The building was designed by Albert Walker and Percy Eisen, prominent Los Angeles architects of the day who were also behind the Fine Arts Building and the James Oviatt Building in L.A., the El Cortez Apartment Hotel in San Diego, and others.
The Art Deco flourishes of the Jazz Age were on proud display in the Breakers’ casual dining area, which featured red lacquer tables; jade-green walls; and drapes of green, black, and gold. The 500-seat main dining room, “The Hall of the Galleons,” took a sense of excess even further with murals depicting the Sea of Spain in the 14th century. The hotel featured a Turkish bath and an express elevator that carried guests in their bathing suits and robes directly down to a beach entrance. High above it all, dining and dancing went on from 8:30 p.m. till midnight at a roof garden called the Promenade Deck.
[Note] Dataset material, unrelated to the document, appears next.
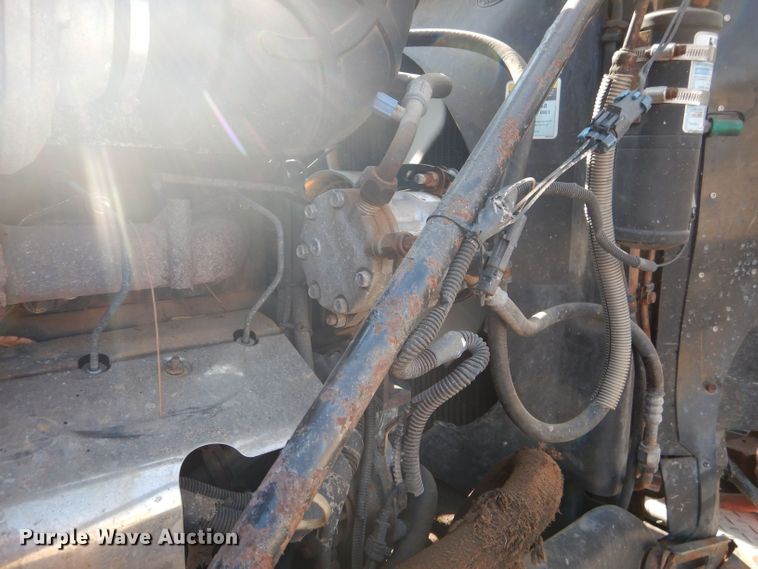 image for item DJ8969 2001 Mack CL713  semi truck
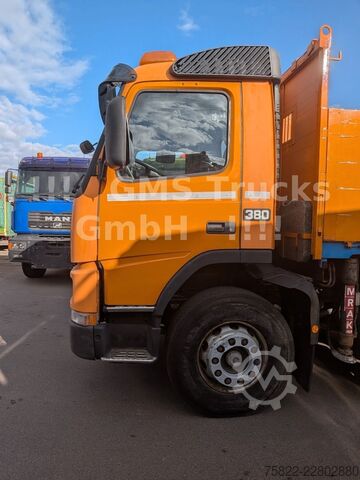 Flatbed truck VOLVO FM12-380 / 8X4 / 28m Hiab Kran / WINCH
The building was also adorned with a big, illuminated “B” gleaming through the night. In 1928, just a year after he became the first person to fly solo nonstop across the Atlantic and was, for a time, possibly the most famous man in the world, Charles Lindbergh was flying blind after midnight through heavy fog when he is believed to have spotted the sign. It allowed him to make an emergency landing at a Long Beach airfield. He spent a short night at the Breakers before a huge crowd formed in the morning, waiting for him in the lobby. A banner headline in the Los Angeles Evening Express proclaimed, “‘Lindy’ Escapes L.A. Death Landing,” while the Breakers was quick to advertise itself as the hotel “Where Lindbergh Saw the Light.”